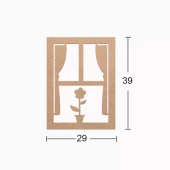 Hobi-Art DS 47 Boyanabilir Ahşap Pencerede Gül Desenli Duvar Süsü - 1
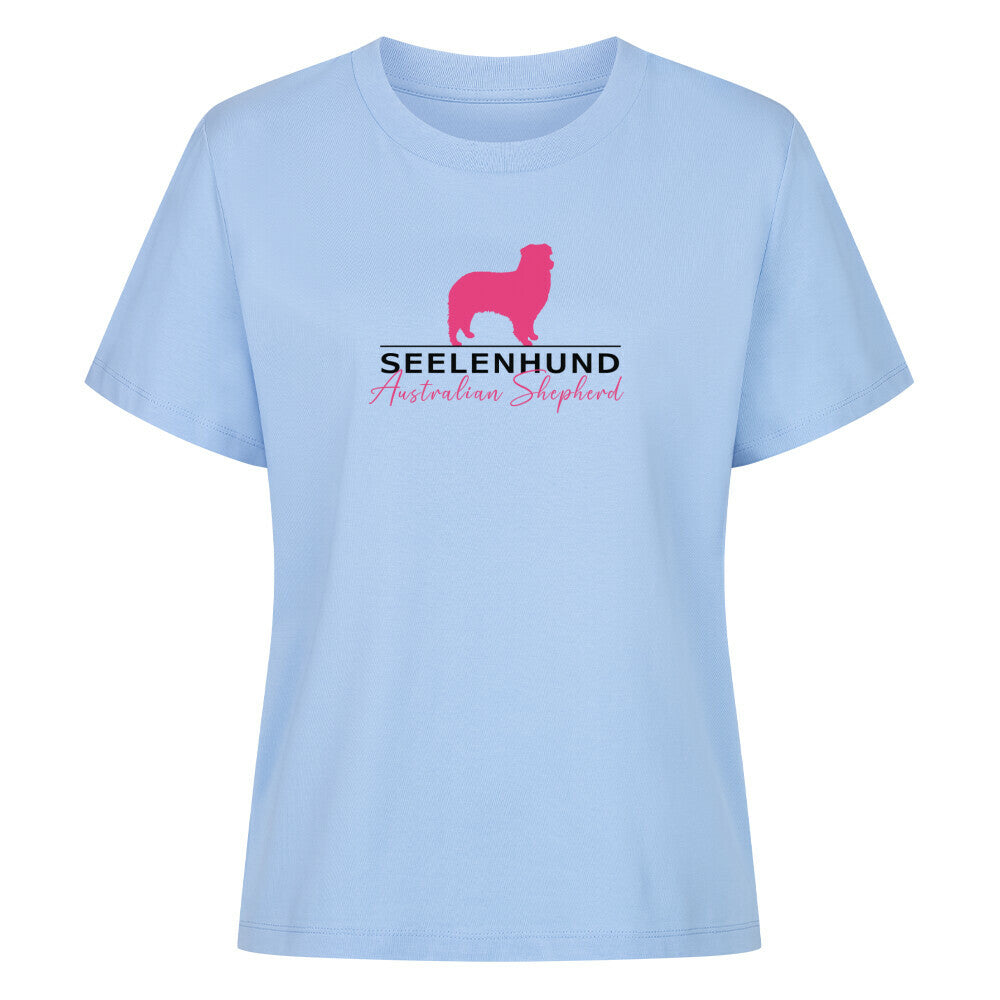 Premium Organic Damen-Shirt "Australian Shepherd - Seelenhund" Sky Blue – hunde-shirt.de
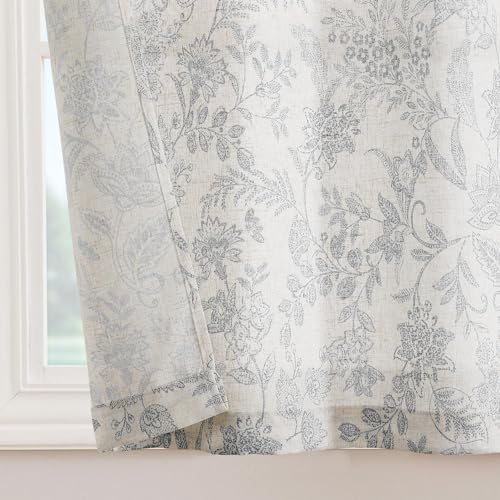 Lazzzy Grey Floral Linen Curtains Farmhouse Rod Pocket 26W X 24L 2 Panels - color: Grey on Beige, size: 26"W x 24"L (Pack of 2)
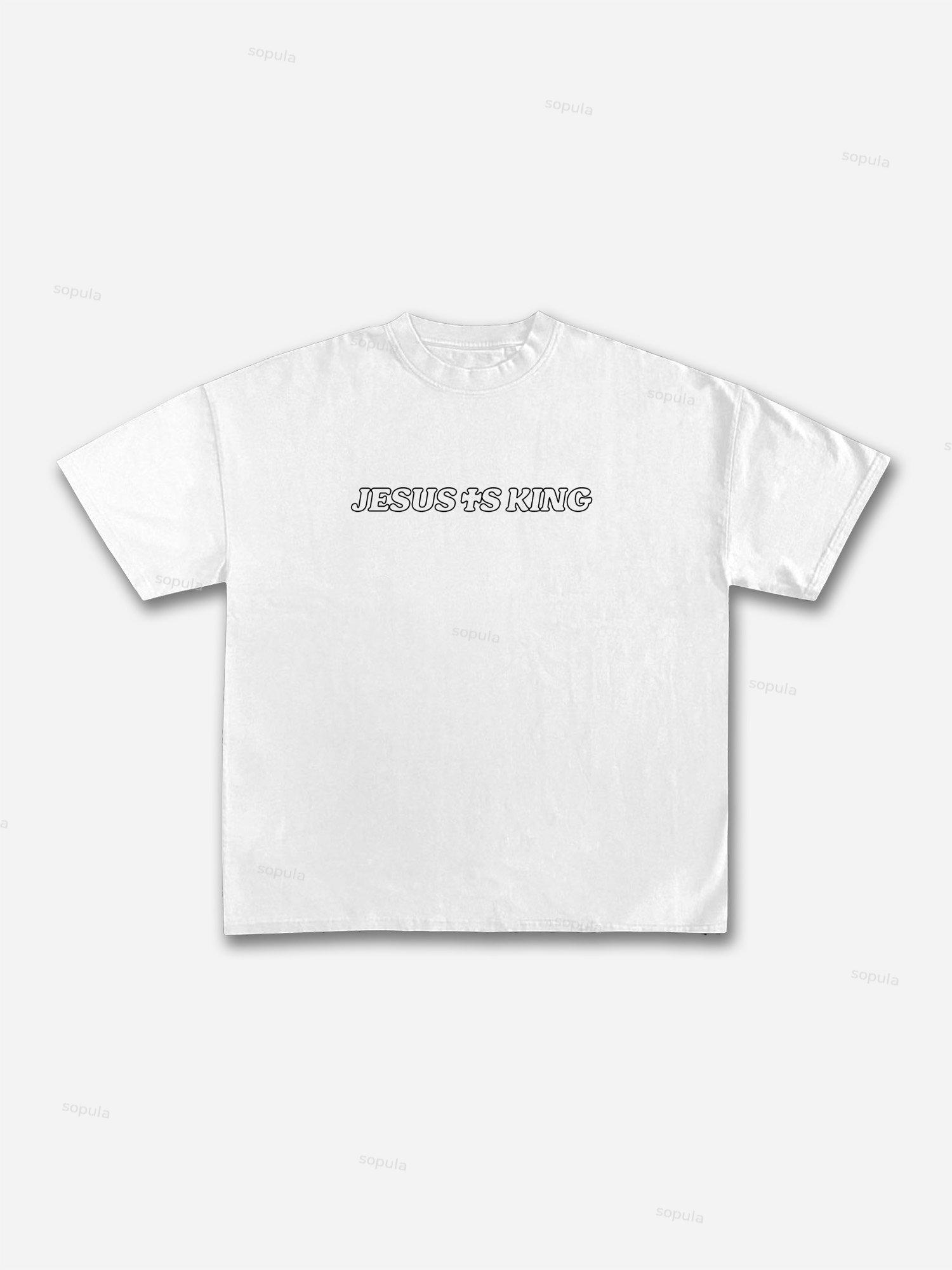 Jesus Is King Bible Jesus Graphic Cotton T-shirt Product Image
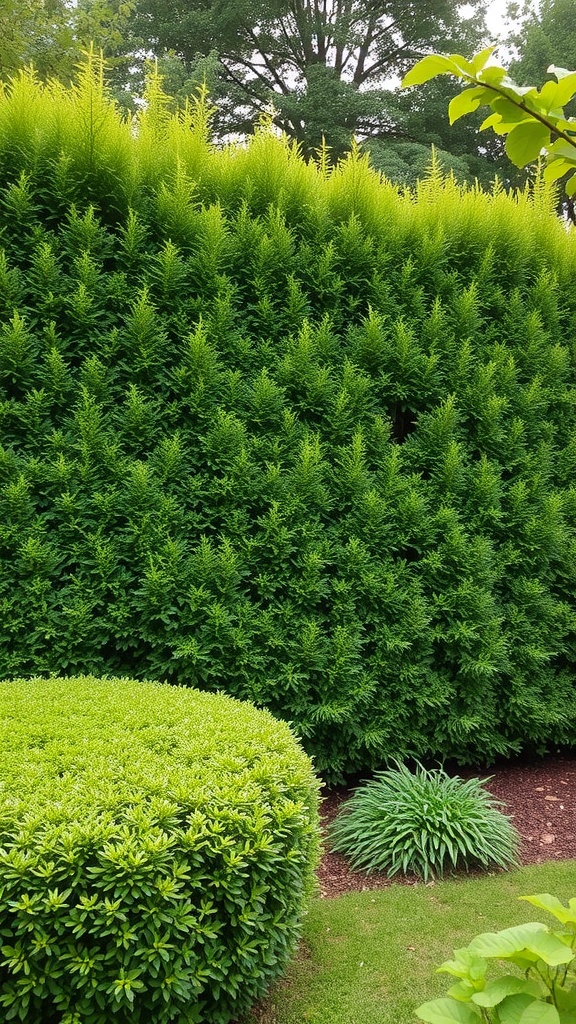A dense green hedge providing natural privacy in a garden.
* * *
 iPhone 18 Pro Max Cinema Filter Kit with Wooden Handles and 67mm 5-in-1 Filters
...
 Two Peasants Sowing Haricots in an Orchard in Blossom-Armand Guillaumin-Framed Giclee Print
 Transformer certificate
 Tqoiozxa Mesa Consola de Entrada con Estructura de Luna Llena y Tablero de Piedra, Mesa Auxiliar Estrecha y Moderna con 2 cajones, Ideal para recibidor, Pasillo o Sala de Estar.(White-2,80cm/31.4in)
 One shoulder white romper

PROBLEM REQUIREMENTS: Please give an exact copy of the entries above, from the line with "Tqoiozxa Mesa Consola" down to the line with "One shoulder white romper", inclusive, and nothing else.

RESPONSE TO THIS TASK:
 Tqoiozxa Mesa Consola de Entrada con Estructura de Luna Llena y Tablero de Piedra, Mesa Auxiliar Estrecha y Moderna con 2 cajones, Ideal para recibidor, Pasillo o Sala de Estar.(White-2,80cm/31.4in)
 One shoulder white romper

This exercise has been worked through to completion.